Savannah N. Miller, Photo Editor
Senior center Landry Nnoko (33) attempts a free throw during a home game. Nnoko has made 63 percent of his free throws this season. 

For the second time in less than two weeks, the Clemson Tigers squared off against the Georgia Tech Yellow Jackets on Tuesday night. 

Like the earlier matchup, the Feb. 23 game was a virtual must-win for the Tigers in terms of keeping their NCAA Tournament hopes alive. Georgia Tech won Tuesday night’s battle 75-73, all but popping Clemson’s March Madness bubble. 

Continuing the trend of the past month, forward Jaron Blossomgame was Clemson’s lone star in the game, leading the Tigers in scoring with 22 points. 

The leading scorer of the night, however, was Georgia Tech guard Marcus Georges-Hunt, who propelled his Yellow Jackets to victory with 25 points. In addition, he secured the win by sinking two clutch free throws in the game’s

final seconds. 

Clemson has now lost four of its last six games, a devastating falloff from its successful January run.
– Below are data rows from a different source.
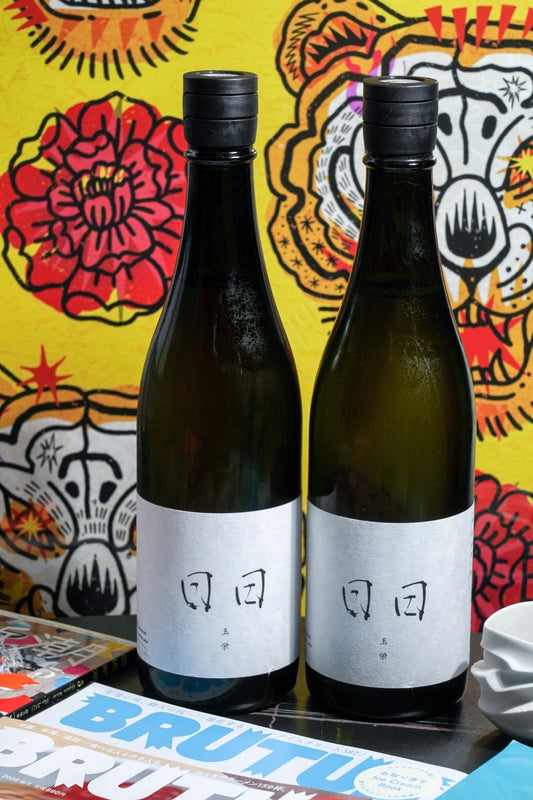 日日 玉榮 - 呷.Sippin 日本清酒專門店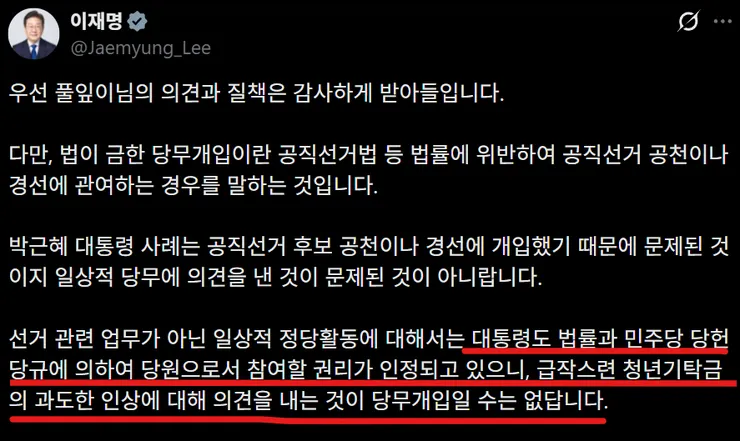 스크린샷 2026-07-19 153811.png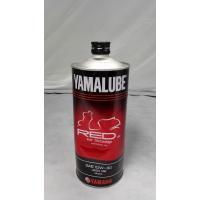 YAMAHA ヤマハ ヤマルーブ レッド SC 10W-30 MB 1L 907933215800【へこみあり】YA0034(2451670)※代引き不可 | e-zoa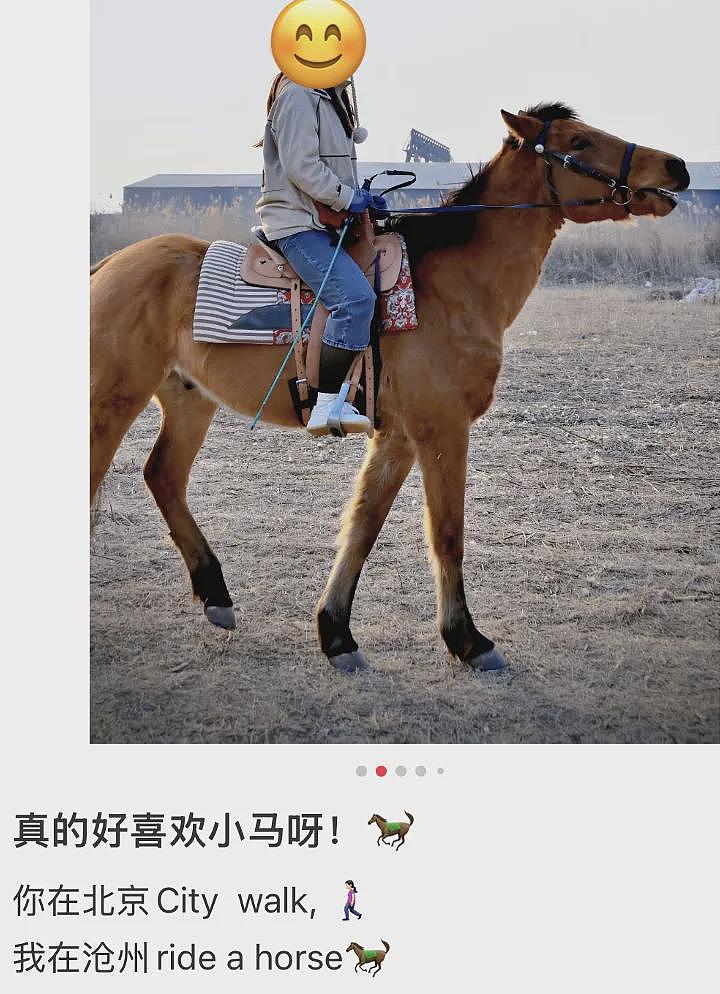 中国这座城：一线工资、四线物价、十分奢侈（组图） - 33
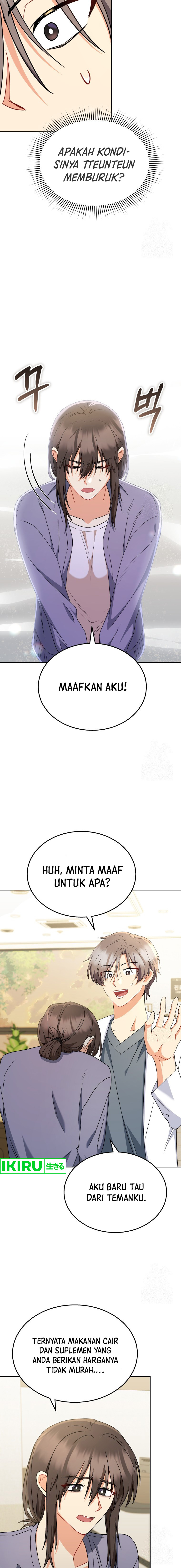 Hello? Veterinarian! Chapter 67 halaman 15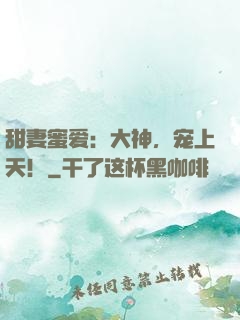 甜妻蜜爱：大神，宠上天！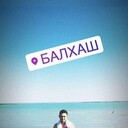 ���������� �������, ���� ������� �����, 28 ���, ������������ ��� ������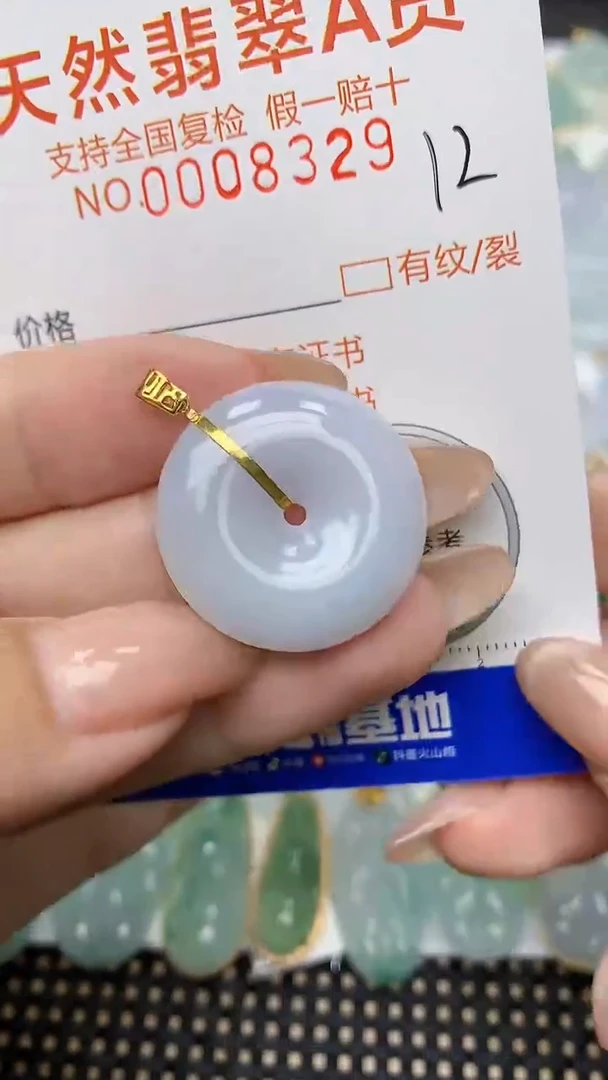 【闪购商品】翡翠颈饰18K金镶嵌12天然A货翡翠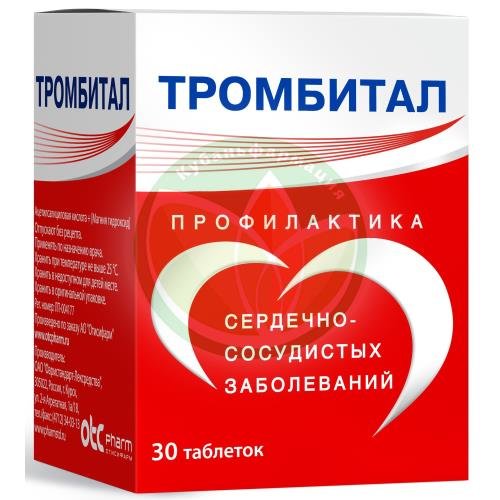 Тромбитал таблетки покрытые пленочной оболочкой 75мг + 15.2мг №30 купить в Кавказском районе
The inconsistency on both ends of the floor has proved costly in recent weeks, and it devastated the Tigers against the Yellow Jackets.

Leading by nine at halftime, Clemson seemed well on its way to garnering a much-needed road victory against a Georgia Tech team, playing as well as any Atlantic Coast Conference squad. However, the Tigers lost all of their momentum early in the second half, particularly on defense. Georgia Tech made just under 60 percent of their shots in the second half, causing Clemson to look practically innocuous defensively. 

About his team’s defensive woes, Clemson Head Coach Brad Brownell told the media, “We just don’t defend like a high-level team.” 

While brief, Brownell’s remark rings true, as the Tigers have been woeful on defense in recent weeks. Tuesday night saw Georges-Hunt attack the rim unmercifully in the second half and face little resistance. 

Another factor in Clemson blowing its halftime lead was the Tigers’ failure to draw fouls. Shooting only five free throws in a hotly contested conference game is inexcusable. It speaks to the lackluster effort of the Tigers against the

Yellow Jackets. 

March is nearly here, and the Tigers are playing as if the season has only just begun. It is mind-boggling how porous the defense — which has been the lone consistent bright spot during Brownell’s tenure — has become. It might be too late in the season to make major improvements. 

As unbelievable as it seems, Clemson has gone from being a potential NCAA Tournament dark horse to being NIT-bound in a mere month.